Junior Saif ur Rehman spoke during the gathering and recited a verse from the Quran. Rehman said he believes it is important that the college community acknowledges all of the faiths around the world during these gatherings.
“I think it went really well,” he said. “It was a very positive, and there is a strong community here. We had presence from all different faiths here, and that was really important: that we did not just remember one faith, but we remember the many different faiths and all the tragedies that happened in the past.”
During a moment of silence, candles were lit throughout the room to symbolize the lives that were lost in the tragedies.
Osorto said it is important that the communities affected know they are not alone in their suffering and that the college and campus community need to band together during hard times.
“One of the things that I have been reminded of at these gatherings and after interactions with students and staff is that we are called to rise up — we are called to stand strong, not alone, but with each other,” Osorto said.
Sophomore Jeremy Noel played an original song called “Rise Up” at the end of the event. During his song, attendees were clapping and singing along with the chorus. Noel said this song helped him through hard times, and he believes the song can help people affected by these tragedies to rise up and stay strong during times of tragedy.
“I think it lifted peoples’ spirits, and that’s the whole reason I wrote the song,” he said. “When I wrote the song, I was at a low in my life and I needed to just keep going.
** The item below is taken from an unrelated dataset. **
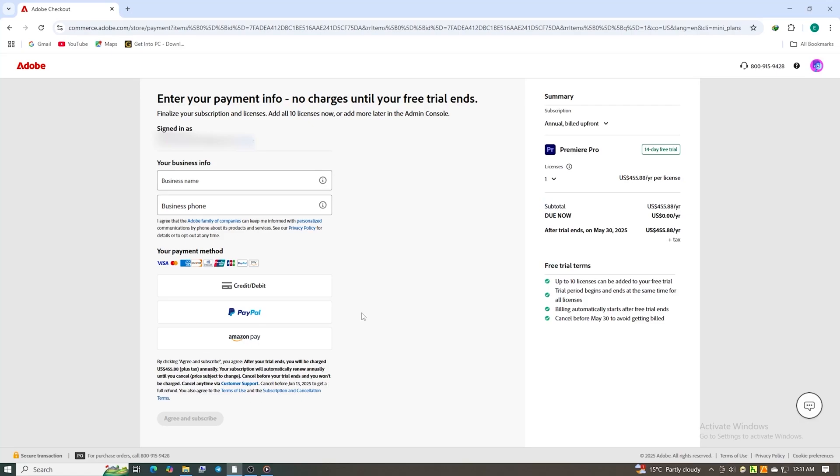Next, complete the form with your personal details and payment information. Rest assured, Adobe won't charge you until after the seven-day trial ends.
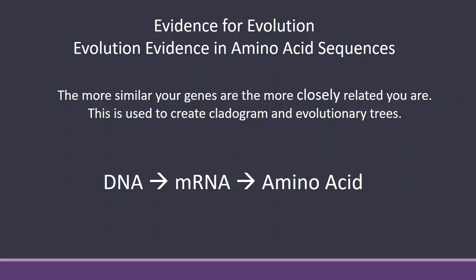Hello, Ms. W here and I wanted to help you guys out with your evidence for evolution in amino acid sequence lab. So this is going to be really quick. Make sure that you do the actual lesson and watch the videos that go along with it before you get to this lab. But it's a really simple lab.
I think it went well. I think people received that.”
Brenda Wickes, student accessibility specialist in Student Accessibility Services, attended the gathering and said she heard about it and wanted to get involved in some way. She said she decided to have both her sister and mother make muffins for people at the gathering because she believes food is a way to help people celebrate good times and get through bad times.
“This was a beautiful gathering,” she said. “I especially loved the singing at the end. I believe it helped bring the spirits up and together. I believe that people come together in times of crisis and joy and that food is the social elixir.”